At the end of WWII, America bestrode the world as a behemoth. Garish Soviet armies and their new atom bombs offered the appearance of bipolarity, but only in narrow spheres. For example, as the era’s “pax” imperium, the United States established the rules of international trade. And, worth-noting, it did NOT do as other empires had done, when they had a similar dominance. Instead of mercantalism - favoring homeland factories - the secretariats of George Marshall and Dean Acheson established trade patterns that permanently favored factory production in the smoldering ruins of Europe and Asia. (In part simply by shrugging off the protectionist mercantalism of those countries, allowing consumer-driven purchasing to follow cheap labor and investment, wherever it might lead.)
The results are ultimate repudiations of the left’s anti-globalization fetishism. A blatant and clear escalator that carries populations from exploitation factories to middle class within a single generation, a rate so staggeringly quick and successful that all else is tweaking and commentary. NECESSARY tweaking... because the civilization cannot abide outrageous exploitation of either people or the planet, and remain either decent or wise! Still, the first-order effects of decisions made by Marshall and Acheson are simply stunning an utterly inarguable.

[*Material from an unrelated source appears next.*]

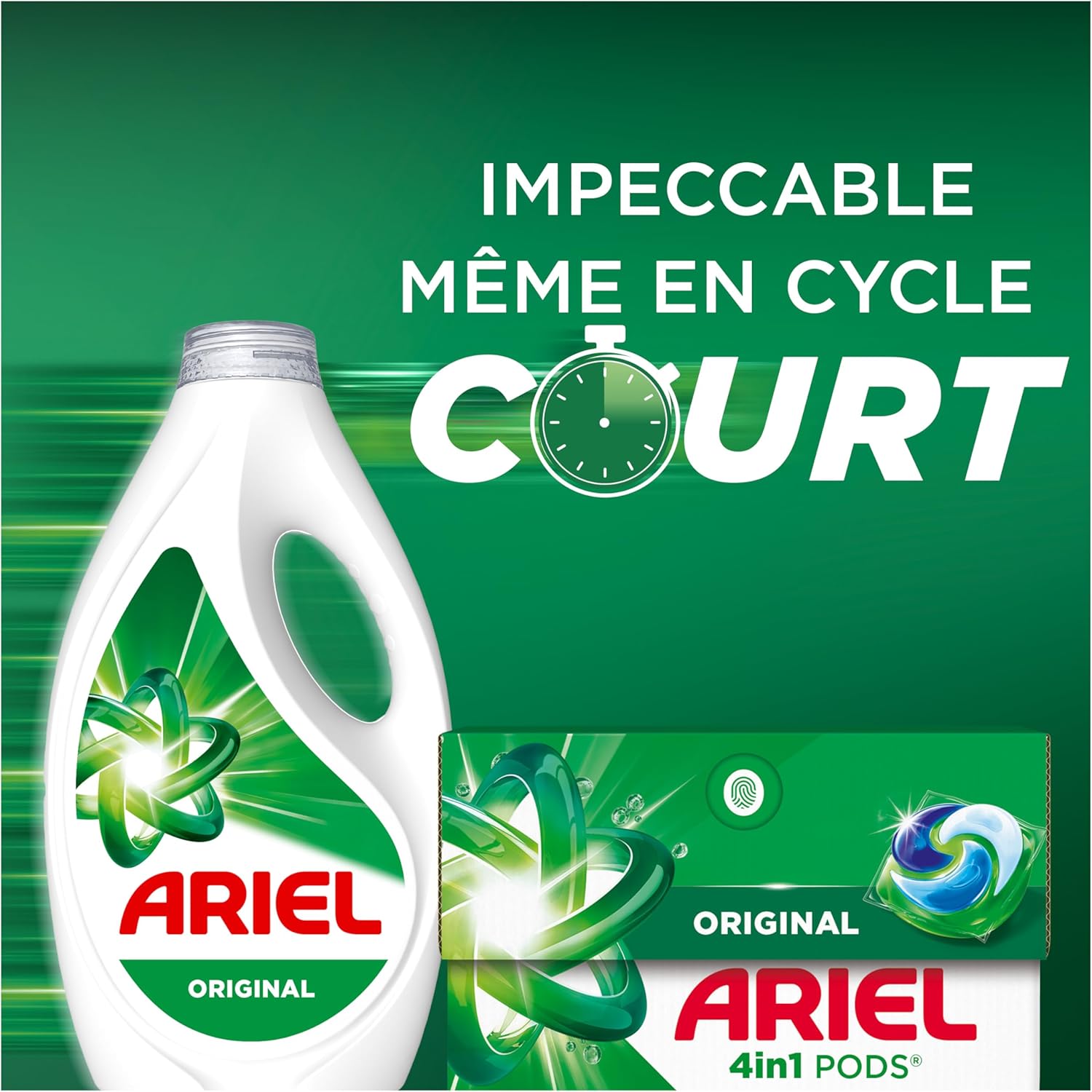 Thumbnail 3 de Ariel Lessive Liquide Original – 40 Lavages, Action Détachante en 1 Lavage, Impeccable Même à Froid, Fabriqué en France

Which provokes wonder. Why is this different way of looking at trade-based development never discussed, but rather, taken for-granted? If measured by standard definitions of sacrifice or generosity-based selflessness, the American consumer can hardly be deemed philanthropic. (Though the very same people seem to be the most personally-generous on the planet, in their non-consumer role.) Grabby, materialistic and toy-loving, the culture seems superficially contemptible.
But, given a little far-sighted wisdom at the top, almost a lifetime ago, the cumulative effects seem to point in another direction, entirely. At the one thing that - above all others - may be responsible for saving the world.